C’est d’après moi une erreur.

Ou du moins, une erreur, tant que la question n’a pas été plus approfondie. Pour cela, il est indispensable de se pencher plus en avant sur les données dont on dispose. Je le montrerai à travers un exemple d’un test sur un site dont je ne peux citer le nom, mais qui prouve bien, cependant, qu’il faut savoir attendre, et pas seulement pour des raisons statistiques.

L’indice de confiance des logiciels de tests est intéressant dans la mesure où il donne une vue mathématique d’une expérience en cours. En gros, il considère qu’à partir d’un certain volume de données, le résultat peut être considéré comme fiable. L’inconvénient, ou en tout cas, l’erreur, serait de croire qu’il serait entièrement fiable d’un point de vue commercial, et cela pour une bonne raison : l’indice de confiance si le test n’est pas suffisamment calibré ne peut pas prendre en compte les différences intrinsèques du trafic testé.

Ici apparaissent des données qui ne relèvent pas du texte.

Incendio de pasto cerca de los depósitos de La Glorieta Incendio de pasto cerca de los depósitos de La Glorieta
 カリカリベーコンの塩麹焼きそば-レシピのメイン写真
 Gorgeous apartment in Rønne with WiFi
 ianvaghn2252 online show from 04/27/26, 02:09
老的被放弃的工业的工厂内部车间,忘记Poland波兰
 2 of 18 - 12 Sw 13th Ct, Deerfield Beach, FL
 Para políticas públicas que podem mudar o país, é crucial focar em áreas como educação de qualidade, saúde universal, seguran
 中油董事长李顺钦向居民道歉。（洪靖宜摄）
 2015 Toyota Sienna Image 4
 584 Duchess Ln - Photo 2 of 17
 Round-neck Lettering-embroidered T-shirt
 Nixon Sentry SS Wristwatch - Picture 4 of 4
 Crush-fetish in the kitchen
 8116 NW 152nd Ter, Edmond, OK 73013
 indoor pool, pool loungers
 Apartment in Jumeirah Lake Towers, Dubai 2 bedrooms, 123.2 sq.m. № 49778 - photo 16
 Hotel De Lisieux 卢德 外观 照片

Je m’explique. Dans le test dont je parle, le trafic n’était pas suffisant pour mettre en place un test multivarié alors que beaucoup d’éléments devaient être testés. Je me suis donc rabattu sur un test A/B en privilégiant une hypothèse précise. Il me fallait prendre tout le trafic possible pour obtenir suffisamment vite le résultat de mon test. Le but d’un test n’est pas, n’est-ce pas, de durer plusieurs mois.

Courbe de résultats du site testé

Courbe de résultats du site testé

Au bout de quelques jours, comme vous pouvez le voir sur la courbe ci-dessus, la version gagnante semblait être la version de contrôle (et non pas la version de test). Mais en y regardant de plus près et en croisant les données avec Google Analytics, je me suis aperçu qu’il y avait beaucoup plus de visiteurs anciens dans le trafic de la nouvelle version que de visiteurs nouveaux, introduisant par là un biais dans le résultat. En effet, qui dit « plus de visiteurs anciens » dit plus de résistance au changement et donc propension à moins convertir. J’appelle ça l’effet d’accoutumance. Et malgré un indice de confiance suffisant de la part du logiciel de test, il fallait donc attendre que le trafic s’équilibre entre visiteurs anciens vs nouveaux.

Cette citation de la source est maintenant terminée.